WHAT THE TASK ASKS — Retype each entry below precisely as it reads.

INPUT DATA —
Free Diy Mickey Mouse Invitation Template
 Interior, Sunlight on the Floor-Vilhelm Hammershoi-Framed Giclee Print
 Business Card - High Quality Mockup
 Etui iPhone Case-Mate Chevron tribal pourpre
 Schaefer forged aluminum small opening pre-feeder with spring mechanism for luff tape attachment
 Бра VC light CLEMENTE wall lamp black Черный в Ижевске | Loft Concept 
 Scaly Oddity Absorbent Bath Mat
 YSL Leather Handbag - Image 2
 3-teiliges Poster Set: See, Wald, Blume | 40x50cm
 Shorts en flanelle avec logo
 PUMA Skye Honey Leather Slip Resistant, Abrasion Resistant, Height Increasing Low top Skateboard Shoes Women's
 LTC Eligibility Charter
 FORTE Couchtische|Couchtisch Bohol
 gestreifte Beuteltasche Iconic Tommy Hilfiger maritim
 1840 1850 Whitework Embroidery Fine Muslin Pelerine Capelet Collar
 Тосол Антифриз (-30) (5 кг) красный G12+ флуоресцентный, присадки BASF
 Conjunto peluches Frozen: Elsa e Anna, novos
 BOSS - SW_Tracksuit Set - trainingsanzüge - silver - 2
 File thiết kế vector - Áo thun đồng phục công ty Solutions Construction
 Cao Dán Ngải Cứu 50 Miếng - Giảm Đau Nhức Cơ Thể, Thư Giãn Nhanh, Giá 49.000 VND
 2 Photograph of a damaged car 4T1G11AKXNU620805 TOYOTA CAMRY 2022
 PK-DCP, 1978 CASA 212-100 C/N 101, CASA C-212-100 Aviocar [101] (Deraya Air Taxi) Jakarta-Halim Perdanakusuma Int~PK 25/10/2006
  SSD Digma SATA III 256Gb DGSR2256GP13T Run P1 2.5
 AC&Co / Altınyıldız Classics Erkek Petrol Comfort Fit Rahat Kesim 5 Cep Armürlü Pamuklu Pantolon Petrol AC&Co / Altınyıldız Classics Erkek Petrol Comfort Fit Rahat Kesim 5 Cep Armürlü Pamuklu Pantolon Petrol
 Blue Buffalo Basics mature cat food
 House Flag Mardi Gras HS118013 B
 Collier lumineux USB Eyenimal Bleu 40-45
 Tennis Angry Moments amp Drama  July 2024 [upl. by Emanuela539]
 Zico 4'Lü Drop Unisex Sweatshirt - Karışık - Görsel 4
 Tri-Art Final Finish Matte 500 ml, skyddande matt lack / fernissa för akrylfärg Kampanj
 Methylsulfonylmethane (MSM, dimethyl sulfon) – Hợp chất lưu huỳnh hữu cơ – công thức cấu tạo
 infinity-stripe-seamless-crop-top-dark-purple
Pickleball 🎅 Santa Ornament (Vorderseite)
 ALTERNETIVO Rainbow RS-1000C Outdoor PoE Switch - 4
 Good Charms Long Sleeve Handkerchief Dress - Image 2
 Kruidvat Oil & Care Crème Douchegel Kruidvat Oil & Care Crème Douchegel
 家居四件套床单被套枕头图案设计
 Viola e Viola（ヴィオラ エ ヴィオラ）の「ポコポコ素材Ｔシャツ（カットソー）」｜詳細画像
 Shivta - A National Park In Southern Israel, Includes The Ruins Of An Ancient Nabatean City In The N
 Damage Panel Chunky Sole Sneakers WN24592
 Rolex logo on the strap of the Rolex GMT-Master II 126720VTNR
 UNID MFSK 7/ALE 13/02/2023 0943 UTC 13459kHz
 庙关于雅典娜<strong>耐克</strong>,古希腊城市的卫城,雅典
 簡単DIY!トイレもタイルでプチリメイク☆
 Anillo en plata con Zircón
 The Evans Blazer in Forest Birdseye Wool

SOLUTION TO THIS PROBLEM —
Free Diy Mickey Mouse Invitation Template
 Interior, Sunlight on the Floor-Vilhelm Hammershoi-Framed Giclee Print
 Business Card - High Quality Mockup
 Etui iPhone Case-Mate Chevron tribal pourpre
 Schaefer forged aluminum small opening pre-feeder with spring mechanism for luff tape attachment
 Бра VC light CLEMENTE wall lamp black Черный в Ижевске | Loft Concept 
 Scaly Oddity Absorbent Bath Mat
 YSL Leather Handbag - Image 2
 3-teiliges Poster Set: See, Wald, Blume | 40x50cm
 Shorts en flanelle avec logo
 PUMA Skye Honey Leather Slip Resistant, Abrasion Resistant, Height Increasing Low top Skateboard Shoes Women's
 LTC Eligibility Charter
 FORTE Couchtische|Couchtisch Bohol
 gestreifte Beuteltasche Iconic Tommy Hilfiger maritim
 1840 1850 Whitework Embroidery Fine Muslin Pelerine Capelet Collar
 Тосол Антифриз (-30) (5 кг) красный G12+ флуоресцентный, присадки BASF
 Conjunto peluches Frozen: Elsa e Anna, novos
 BOSS - SW_Tracksuit Set - trainingsanzüge - silver - 2
 File thiết kế vector - Áo thun đồng phục công ty Solutions Construction
 Cao Dán Ngải Cứu 50 Miếng - Giảm Đau Nhức Cơ Thể, Thư Giãn Nhanh, Giá 49.000 VND
 2 Photograph of a damaged car 4T1G11AKXNU620805 TOYOTA CAMRY 2022
 PK-DCP, 1978 CASA 212-100 C/N 101, CASA C-212-100 Aviocar [101] (Deraya Air Taxi) Jakarta-Halim Perdanakusuma Int~PK 25/10/2006
  SSD Digma SATA III 256Gb DGSR2256GP13T Run P1 2.5
 AC&Co / Altınyıldız Classics Erkek Petrol Comfort Fit Rahat Kesim 5 Cep Armürlü Pamuklu Pantolon Petrol AC&Co / Altınyıldız Classics Erkek Petrol Comfort Fit Rahat Kesim 5 Cep Armürlü Pamuklu Pantolon Petrol
 Blue Buffalo Basics mature cat food
 House Flag Mardi Gras HS118013 B
 Collier lumineux USB Eyenimal Bleu 40-45
 Tennis Angry Moments amp Drama  July 2024 [upl. by Emanuela539]
 Zico 4'Lü Drop Unisex Sweatshirt - Karışık - Görsel 4
 Tri-Art Final Finish Matte 500 ml, skyddande matt lack / fernissa för akrylfärg Kampanj
 Methylsulfonylmethane (MSM, dimethyl sulfon) – Hợp chất lưu huỳnh hữu cơ – công thức cấu tạo
 infinity-stripe-seamless-crop-top-dark-purple
Pickleball 🎅 Santa Ornament (Vorderseite)
 ALTERNETIVO Rainbow RS-1000C Outdoor PoE Switch - 4
 Good Charms Long Sleeve Handkerchief Dress - Image 2
 Kruidvat Oil & Care Crème Douchegel Kruidvat Oil & Care Crème Douchegel
 家居四件套床单被套枕头图案设计
 Viola e Viola（ヴィオラ エ ヴィオラ）の「ポコポコ素材Ｔシャツ（カットソー）」｜詳細画像
 Shivta - A National Park In Southern Israel, Includes The Ruins Of An Ancient Nabatean City In The N
 Damage Panel Chunky Sole Sneakers WN24592
 Rolex logo on the strap of the Rolex GMT-Master II 126720VTNR
 UNID MFSK 7/ALE 13/02/2023 0943 UTC 13459kHz
 庙关于雅典娜<strong>耐克</strong>,古希腊城市的卫城,雅典
 簡単DIY!トイレもタイルでプチリメイク☆
 Anillo en plata con Zircón
 The Evans Blazer in Forest Birdseye Wool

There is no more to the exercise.